Wright had dismantled much of McGowan's suit last year, but has now thrown it out entirely. Its central claim, that Weinstein violated federal racketeering law, was dismissed with prejudice, meaning it cannot be refiled.

Weinstein Spokesman Juda S. Engelmayer said in an email Tuesday that “out of the public glare, with proper time, legal work, evidence and facts, this is the way we believe these suits will ultimately all go. A chapter is put behind as Mr. Weinstein keeps going forward to demonstrate the truth.”

A representative for McGowan who could comment could not immediately be found. She has not commented on the dismissal on social media.

The suit filed in 2019 in Los Angeles said that Weinstein, along with two of his former lawyers and an Israeli intelligence firm, conspired to defraud, smear and marginalize McGowan as she was preparing to name Weinstein during the run-up to the explosion of the #MeToo movement late in 2017.

The Associated Press does not typically name people who say they were victims of sexual abuse, unless they come forward publicly as McGowan repeatedly has.

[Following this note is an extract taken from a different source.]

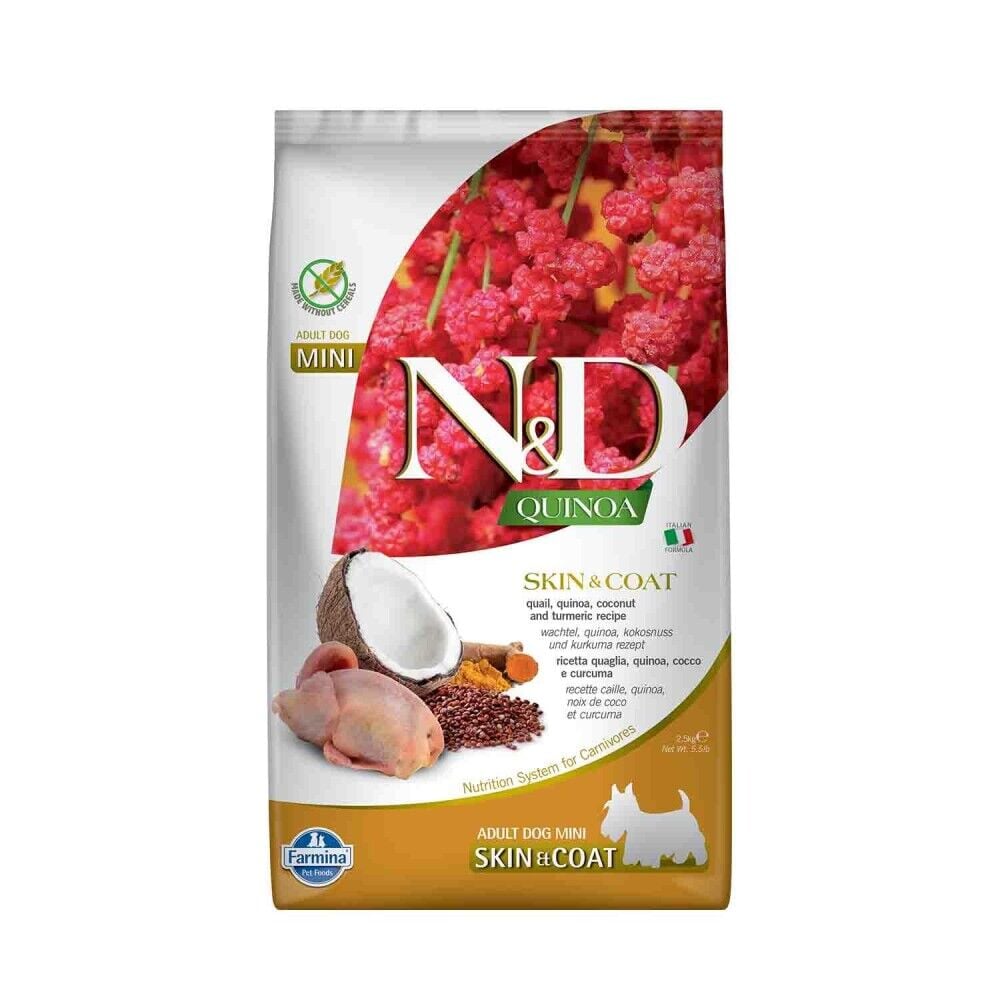 N&D Quinoa Skin & Coat Tahılsız Bıldırcınlı ve Hindistan Cevizli Küçük Irk Yetişkin Köpek Maması 2,5 Kg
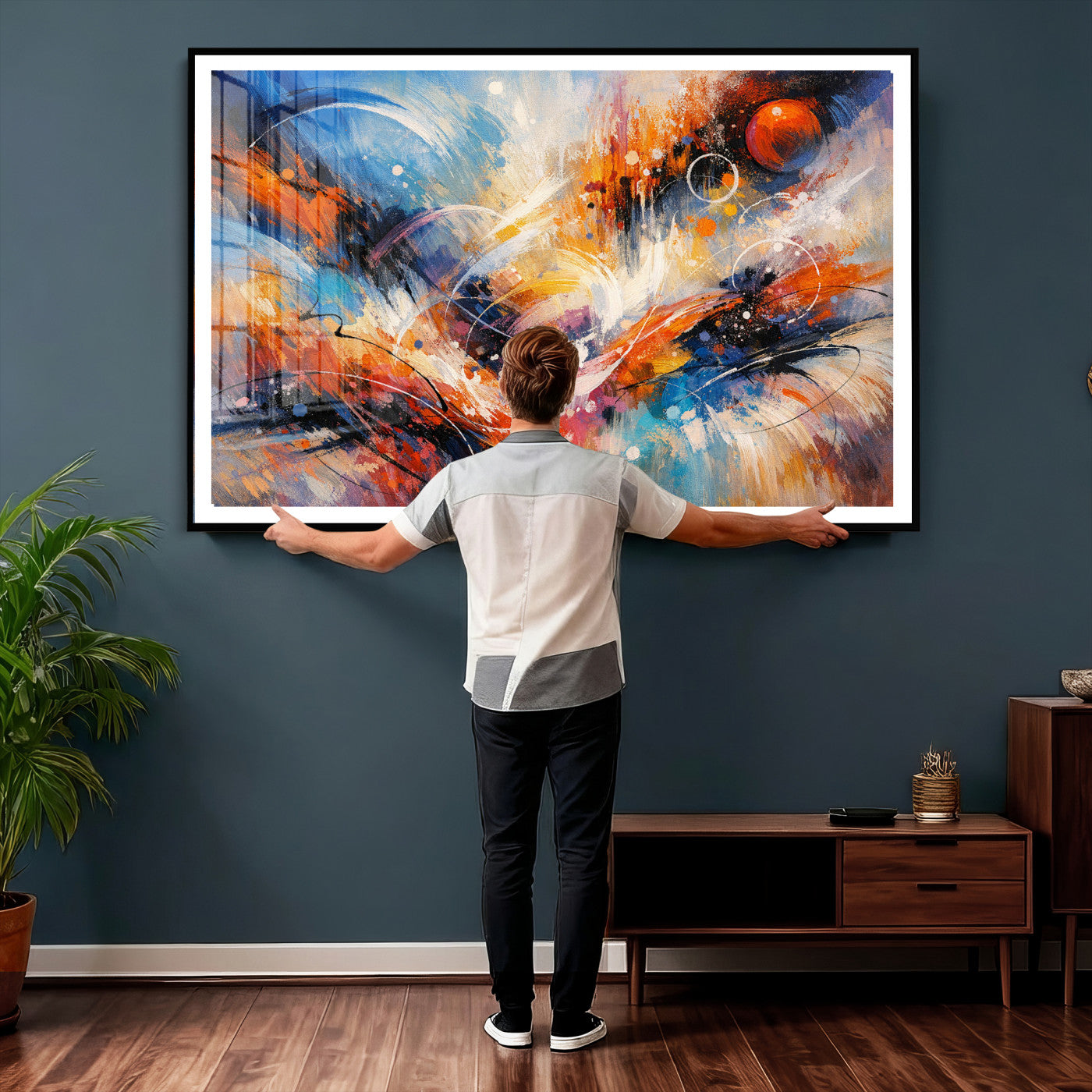 47770355-MGV-CV-36X24 - Geometric Abstract Wall Art Canvas Print, Orange Blue Abstract Expressionist Painting Print, Modern Geometric Abstract Canvas Art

In a different Los Angeles courtroom on Tuesday, a judge rejected a motion from Weinstein's attorneys to dismiss a criminal indictment of Weinstein for 11 counts of sexual assault. Weinstein's lawyers had argued that an expert in “rape trauma syndrome” was improperly used by prosecutors in grand jury testimony.

Weinstein has pleaded not guilty to four counts of rape and seven other sexual assault counts. He is awaiting trial. No date has been set.

The 69-year-old former movie mogul is serving a 23-year prison sentence after convictions of rape and sexual assault in New York.